Pringle was born in South Carolina at about the same time that Hogue dropped out of college in New York City, at the height of the Vietnam War protests. Some 35 years later, Pringle is Associate Director of Student Development and University Housing for Information Technology and Vice President of the Black Faculty and Staff Association at the University of South Carolina (USC). Hogue serves as Vice President for Information Technology and CIO for USC. The two began to get to know one another about four years ago through casual conversations at meetings and receptions. Their relationship grew more substantive as they began to focus on the issue of minority under-representation in the IT profession. Last summer, Pringle decided that the time had come to seek a formal mentoring relationship.
How to Get Started:
Will You Be My Mentor?
From Pringle’s perspective, initiating a mentoring relationship evoked the kind of nervousness and anxiety typically associated with a courtship ritual. What if Hogue didn’t share Pringle’s optimism about such a relationship? Would he have the time to be a mentor? Did he think Pringle was worthy of his time and effort? If he said no, would they be able to continue the professional relationship they already had? Pringle found that he was grappling with many of the same questions he had asked himself before proposing to his wife!
Pringle also worried about how Hogue would perceive the request.
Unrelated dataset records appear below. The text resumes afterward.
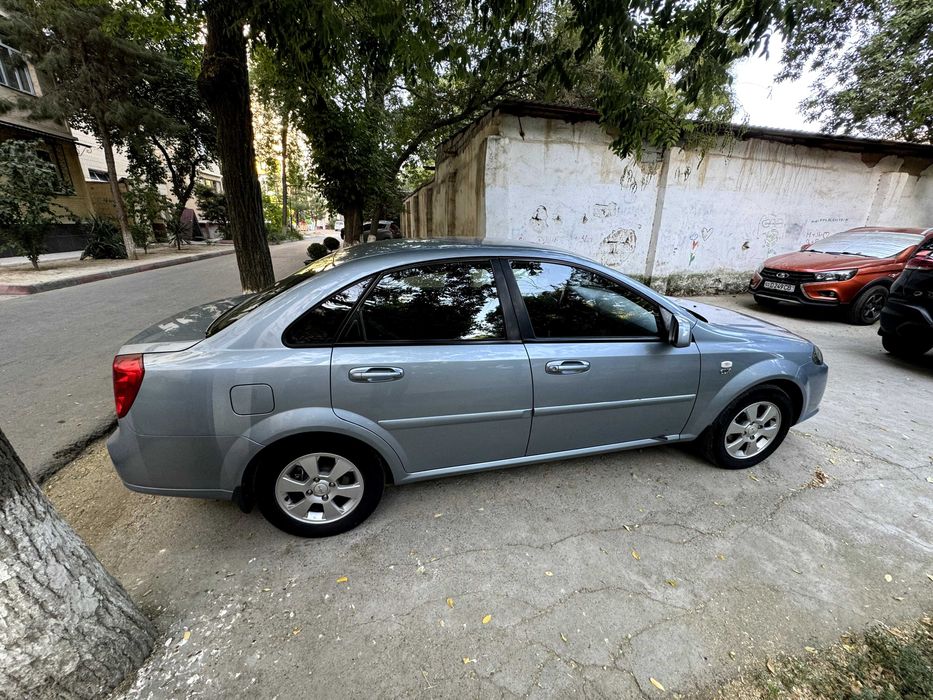 Продаю машину Chevrolet Gentra, 2014 года, пробег 124 000 км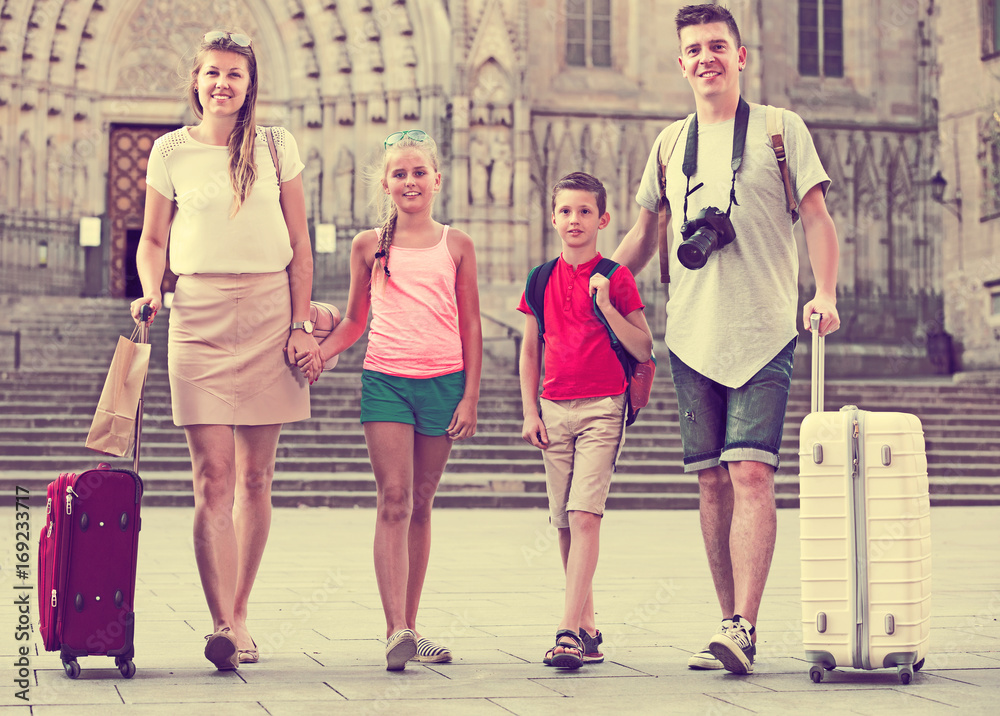 Obraz premium Traveling family walking along city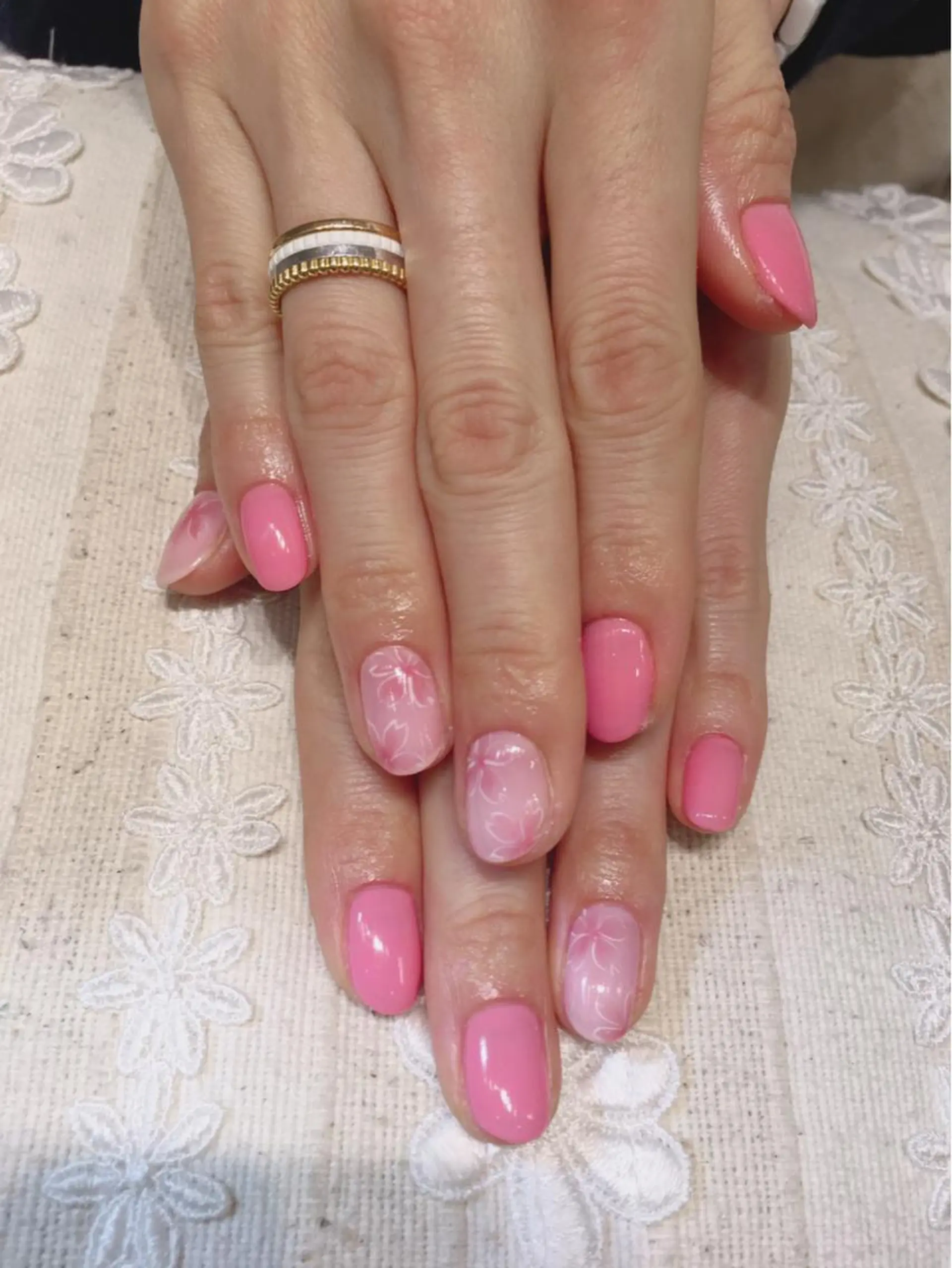 ネイル 桜ネイル ビジューバイアクイユ ネイルズ　東中野店のネイルデザイン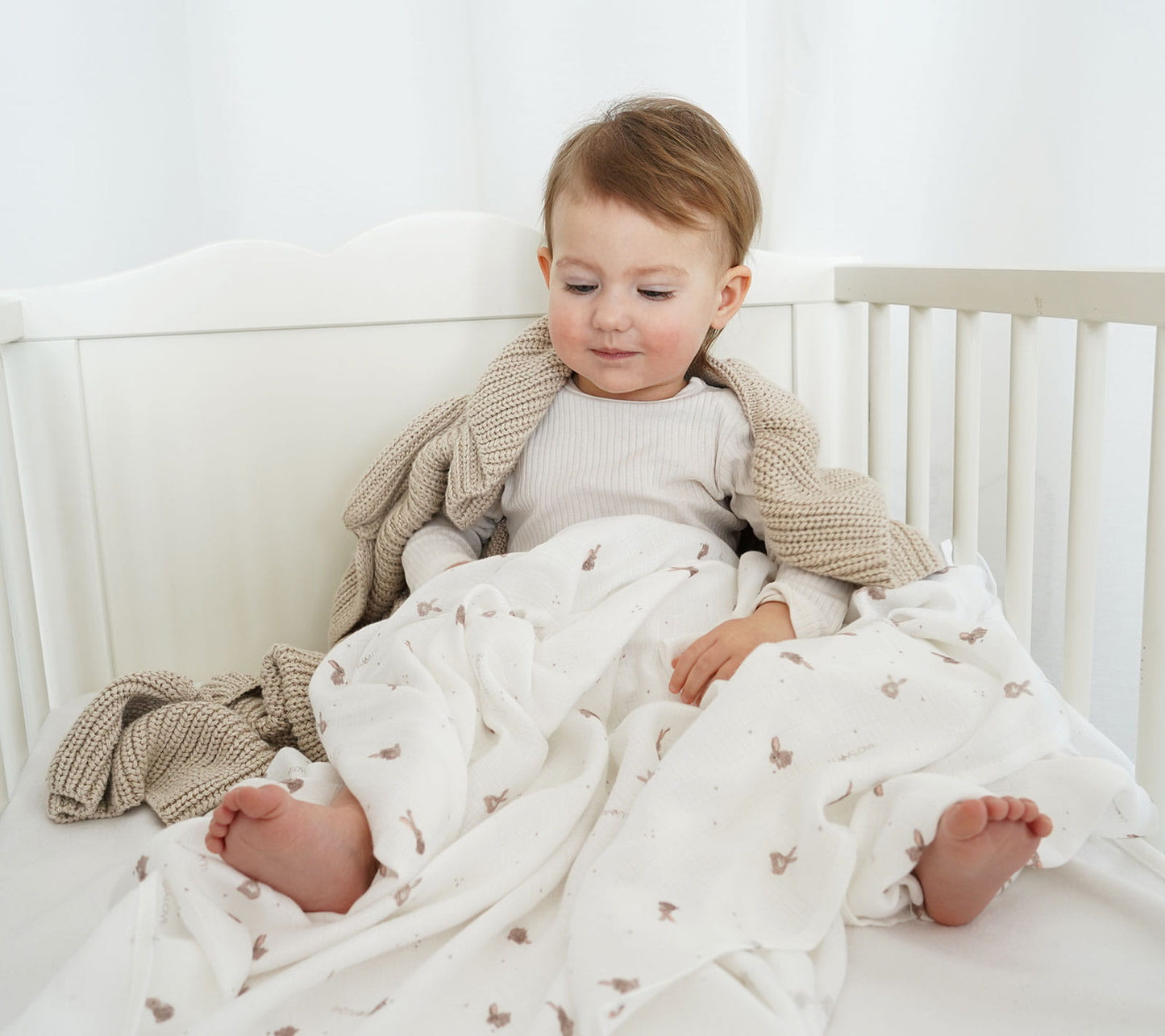 Soft bamboo baby blanket with a frill - Beige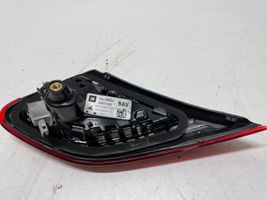 Opel Corsa E Lampy tylnej klapy bagażnika 13428454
Although not currently the case, Pringle could one day be in Hogue’s chain of command, and Pringle did not want him to think he was being used as a vehicle for Pringle to move up in the organization. On the other hand, Pringle did not want their relationship to preclude him from future consideration for positions that might be a good fit in Hogue’s organization.
Despite his concerns and anxiety, Pringle did ask, and Hogue agreed to meet regularly with Pringle and serve as his mentor. As Pringle’s anxiety abated, however, Hogue’s spiked. Though his career had included other mentoring relationships, none had been formalized to this extent. Hogue wondered whether he had the right stuff to meet Pringle’s expectations. CIOs encounter opportunities every day to feel unwise, unknowledgeable, or inexperienced about something; was Pringle giving him too much credit? And what about this business of regularly scheduled meetings that Pringle had proposed? Who would lead and who would follow in this dance? What would the two do to ensure their time together was productive?
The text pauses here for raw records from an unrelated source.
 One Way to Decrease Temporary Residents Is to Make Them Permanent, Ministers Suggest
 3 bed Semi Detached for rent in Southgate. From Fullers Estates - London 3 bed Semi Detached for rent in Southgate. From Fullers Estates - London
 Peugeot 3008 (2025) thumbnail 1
As Hogue pondered these questions, he realized that he had an aversion to the word "mentee," at least in part simply because it sounds so odd to the ear. Hogue considered and rejected a number of alternatives, such as "protégé" and "apprentice." The term Hogue settled on, "co-mentor," made him feel self-conscious the first few times he used it, but it captured the flavor of what he hoped for in his relationship with Pringle. He envisioned a relationship that in many ways would mimic that of two authors—one senior, one junior—collaborating on a piece of writing. Pringle and Hogue would "co-author" their relationship together.
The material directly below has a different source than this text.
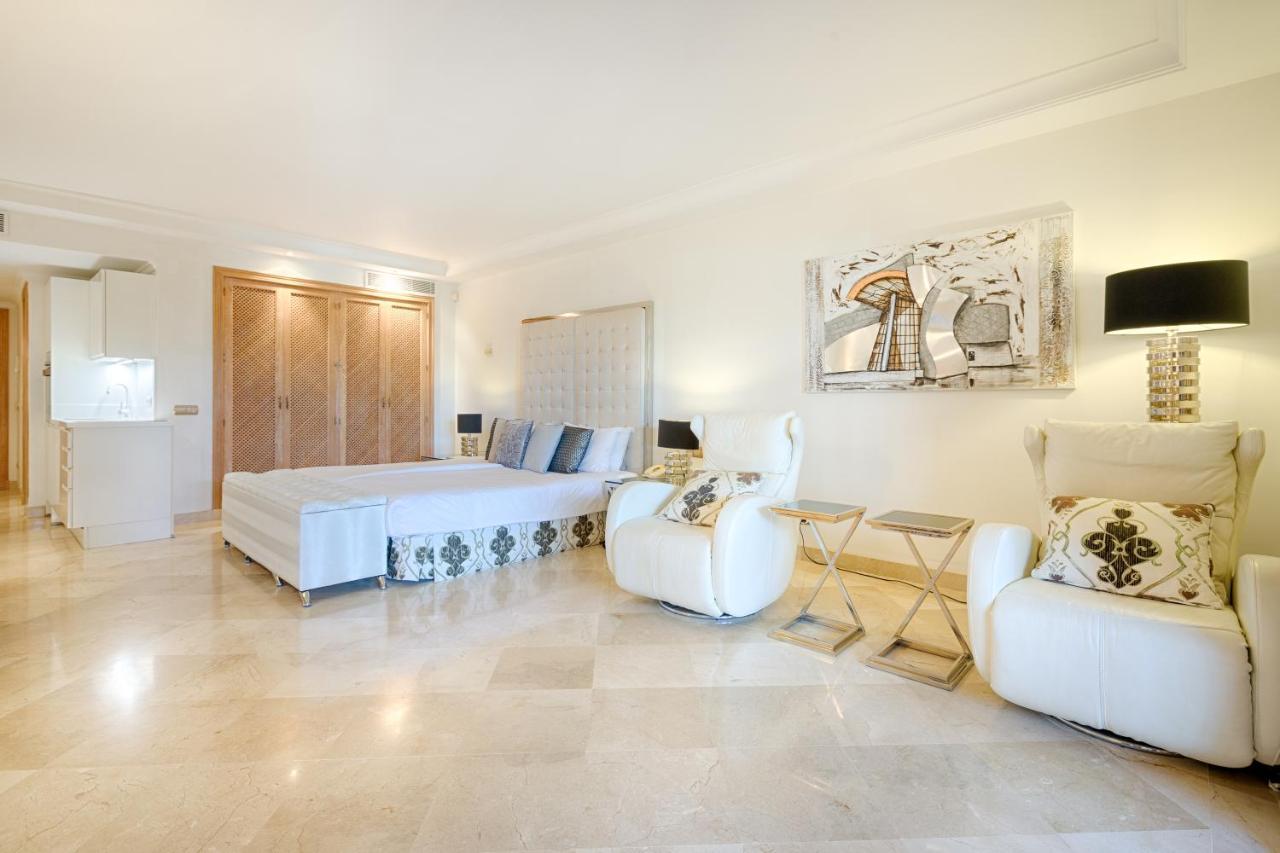 Bahia Beach Apartments Estepona Eksteriør billede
Defining the Relationship: Balancing Risks and Benefits
The relationship the two men had decided to embark on presented a number of risks and rewards that needed to be considered. As with any partnership, professional or otherwise, Pringle felt that balancing the relationship’s positive and negative aspects would be critical to its success. Were Hogue’s experiences relevant to a frontline IT professional in today’s technology arena? Hogue had served in IT support roles in the past, but his current position took him away from supporting end users. Now, his primary customers were university executives, deans, board members, and even state legislators. Pringle wanted to make sure he was not wasting either his own time or Hogue’s.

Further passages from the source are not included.